● What you will do: Look through the data below for the line with "CITIZEN 【電池交換不要 デイ&デイト電波時計】視認性・耐久性を備えたエコ・ドライブ電波時計", and transcribe it exactly together with each line after it up to and including the line with "長袖 | Re：EDIT（リエディ）". Give nothing else.
------ Material for the task
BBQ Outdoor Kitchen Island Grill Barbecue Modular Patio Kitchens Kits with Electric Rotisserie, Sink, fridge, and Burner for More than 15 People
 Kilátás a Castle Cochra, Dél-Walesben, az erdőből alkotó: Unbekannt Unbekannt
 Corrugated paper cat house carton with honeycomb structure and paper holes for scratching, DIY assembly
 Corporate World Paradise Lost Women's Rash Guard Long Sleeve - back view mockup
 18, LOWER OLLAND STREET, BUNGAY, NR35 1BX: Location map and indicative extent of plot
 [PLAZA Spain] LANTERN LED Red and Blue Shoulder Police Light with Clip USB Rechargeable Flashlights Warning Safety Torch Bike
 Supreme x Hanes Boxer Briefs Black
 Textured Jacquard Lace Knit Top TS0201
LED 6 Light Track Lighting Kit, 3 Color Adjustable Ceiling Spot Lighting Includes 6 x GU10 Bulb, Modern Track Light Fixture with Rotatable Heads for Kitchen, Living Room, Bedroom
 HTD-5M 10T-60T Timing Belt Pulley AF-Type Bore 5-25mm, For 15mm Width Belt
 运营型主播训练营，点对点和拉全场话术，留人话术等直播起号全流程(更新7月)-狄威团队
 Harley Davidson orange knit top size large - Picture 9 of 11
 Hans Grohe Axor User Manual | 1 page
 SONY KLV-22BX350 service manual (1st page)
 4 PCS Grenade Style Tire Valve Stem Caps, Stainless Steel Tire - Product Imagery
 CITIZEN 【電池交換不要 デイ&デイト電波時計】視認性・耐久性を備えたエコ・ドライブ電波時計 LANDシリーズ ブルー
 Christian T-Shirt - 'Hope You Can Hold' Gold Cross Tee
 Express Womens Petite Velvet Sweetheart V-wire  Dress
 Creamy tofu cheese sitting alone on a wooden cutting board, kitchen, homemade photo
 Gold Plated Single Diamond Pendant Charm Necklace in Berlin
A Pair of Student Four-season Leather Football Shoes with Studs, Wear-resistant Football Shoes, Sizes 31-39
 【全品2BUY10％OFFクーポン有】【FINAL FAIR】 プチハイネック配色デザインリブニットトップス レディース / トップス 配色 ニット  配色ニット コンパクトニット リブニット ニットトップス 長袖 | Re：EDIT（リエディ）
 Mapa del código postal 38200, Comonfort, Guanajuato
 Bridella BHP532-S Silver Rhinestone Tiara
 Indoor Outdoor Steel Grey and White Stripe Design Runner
------------
● Exercise output:
 CITIZEN 【電池交換不要 デイ&デイト電波時計】視認性・耐久性を備えたエコ・ドライブ電波時計 LANDシリーズ ブルー
 Christian T-Shirt - 'Hope You Can Hold' Gold Cross Tee
 Express Womens Petite Velvet Sweetheart V-wire  Dress
 Creamy tofu cheese sitting alone on a wooden cutting board, kitchen, homemade photo
 Gold Plated Single Diamond Pendant Charm Necklace in Berlin
A Pair of Student Four-season Leather Football Shoes with Studs, Wear-resistant Football Shoes, Sizes 31-39
 【全品2BUY10％OFFクーポン有】【FINAL FAIR】 プチハイネック配色デザインリブニットトップス レディース / トップス 配色 ニット  配色ニット コンパクトニット リブニット ニットトップス 長袖 | Re：EDIT（リエディ）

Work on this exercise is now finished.